Economie solidaire

« L’économique ne doit pas l’emporter sur l’humain »

« L’économique ne doit pas l’emporter sur l’humain »

Interview de Patrick Atohoun, président d’Emmaüs International, par Le Journal de la Saône et Loire. En visite dans la communauté de Chalon (France), il présente les combats portés par notre mouvement à l’échelle internationale.

Vendredi, l’équipe d’Emmaüs de Chalon a eu la visite de Patrick Atohoun, président d’Emmaüs International depuis 2016. Une visite qui « réconcilie » avec l’humanité.
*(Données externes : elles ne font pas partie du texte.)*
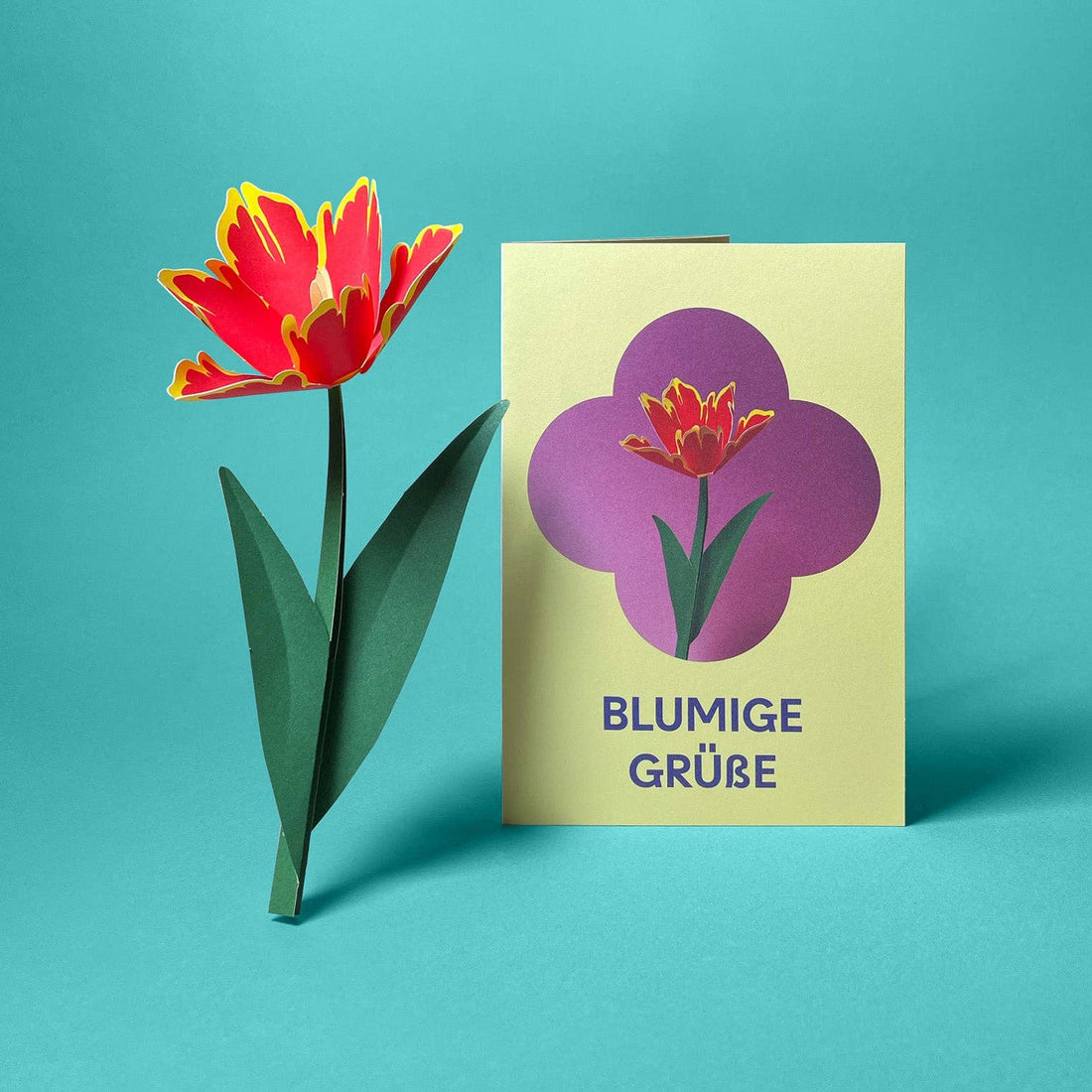 Grußkarte Tulpe Rot I Faltmeister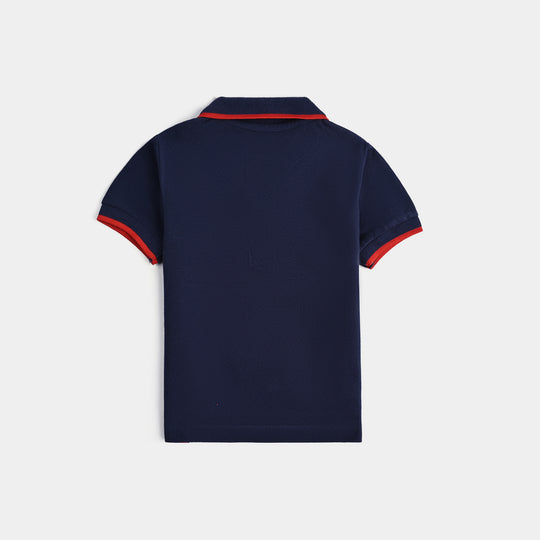 Infant Boys Cotton PK Polo-Navy Blue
Avec résilience.

Pourquoi êtes-vous aujourd’hui à Chalon ?

« Je suis ici pour rappeler à tous les bénévoles, compagnons et amis d’Emmaüs, qu’il y a 50 ans, le 24 mai 1969, à Berne, en Suisse, fut signé le manifeste universel du mouvement Emmaüs. L’abbé Pierre était un grand voyageur. Il est allé sur tous les continents et a compris que la misère était universelle et que les hommes devaient se regrouper à travers le monde pour faire face et lutter contre toutes les formes de précarités, partout. Et que nous devons aussi dénoncer l’injustice et la pauvreté. »

Qu’entendez-vous par « dénoncer » ?

« Le mouvement Emmaüs est laïc : pour tous, croyants ou non croyants, notre commune conviction est que seul l’amour peut nous lier et nous faire avancer ensemble. Pour Emmaüs, dénoncer signifie prouver aux décideurs économiques ou politiques, par l’exemplarité, la transparence et la justice. Trois axes font l’objet de notre attention : la justice sociale et environnementale, l’économie éthique et solidaire, la paix et la liberté de circulation, notamment celle des migrants. »
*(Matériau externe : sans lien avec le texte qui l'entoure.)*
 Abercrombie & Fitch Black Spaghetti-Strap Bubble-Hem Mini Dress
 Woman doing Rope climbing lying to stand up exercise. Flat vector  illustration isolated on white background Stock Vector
Concrètement, comment agir ?

« Il y a 350 groupes Emmaüs à travers le monde qui œuvrent dans les domaines de l’agroalimentaire, la santé, l’éducation, la famille, l’enfance et d’autres groupes qui partagent nos valeurs nous rejoignent. Nous sortons plusieurs milliers de personnes de situations précaires à travers le monde. Certains de nos projets sont repris par des collectivités. Les valeurs que nous partageons portent leurs fruits : ça marche, c’est possible de faire autrement. C’est possible de faire en sorte que l’économique ne l’emporte pas sur l’humain et le serve plutôt qu’il l’asserve. »

Propos recueillis par Jean-Marc MAZUE

Patrick Atohoun en bref :

Patrick Atohoun, Béninois de 59 ans, a été élu en 2016 président d’Emmaüs International. Il a œuvré près de 30 ans au sein d’Emmaüs International. Né le 11 février 1960 à Porto Novo, le Béninois a joui d’une enfance paisible à Cotonou avec ses parents instituteurs. Mais il a été confronté à la grande pauvreté dès l’âge de 20 ans : les longs trajets à vélo ou à dos d’âne, l’absence de manuels scolaires, d’infrastructures pour soigner les malades. Lors de son élection, Patrick Atohoun a reçu la canne de l’abbé Pierre, symbole d’appui et d’humilité.